Task to complete
What you return should be the complete listing, unchanged, with no pictures in it.

Input data
◆ ◆ ◆ ◆
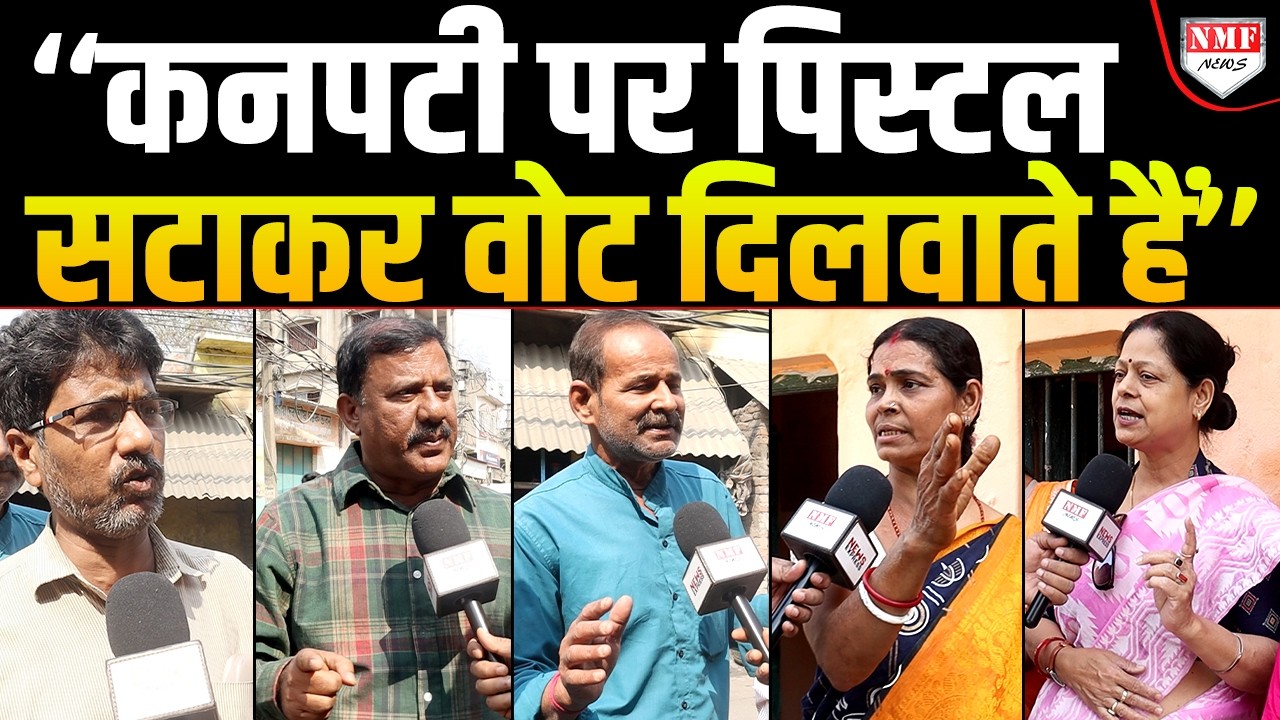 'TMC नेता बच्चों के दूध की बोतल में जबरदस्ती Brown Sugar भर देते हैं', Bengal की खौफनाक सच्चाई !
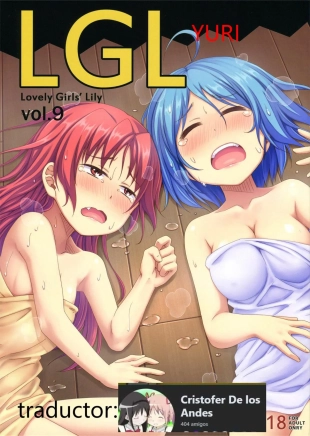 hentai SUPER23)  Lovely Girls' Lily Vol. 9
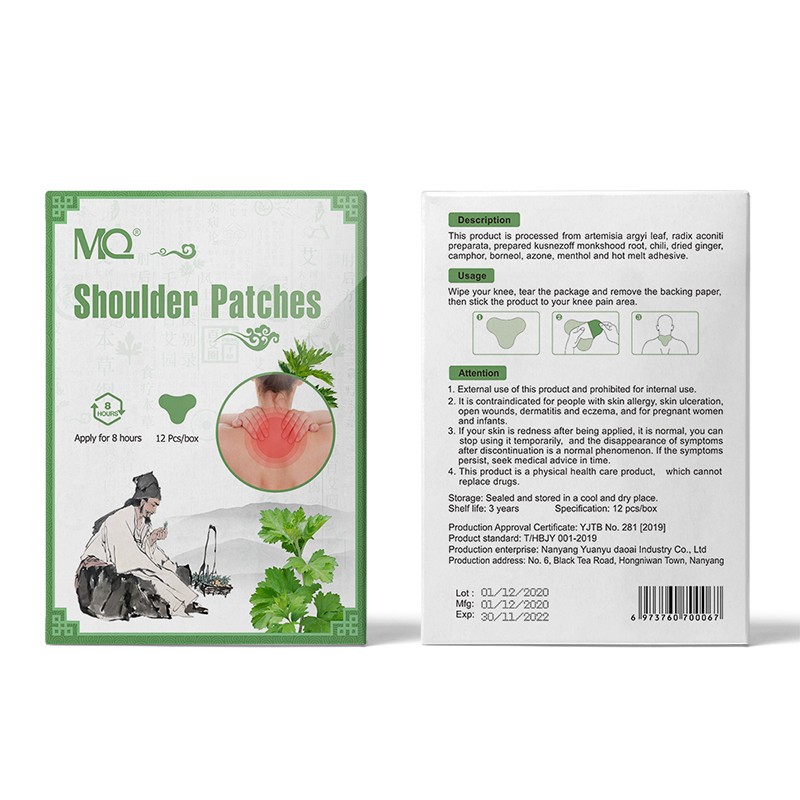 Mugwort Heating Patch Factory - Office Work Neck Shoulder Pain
◆ ◆ ◆ ◆
Response to the exercise
 'TMC नेता बच्चों के दूध की बोतल में जबरदस्ती Brown Sugar भर देते हैं', Bengal की खौफनाक सच्चाई !
 hentai SUPER23)  Lovely Girls' Lily Vol. 9
 Mugwort Heating Patch Factory - Office Work Neck Shoulder Pain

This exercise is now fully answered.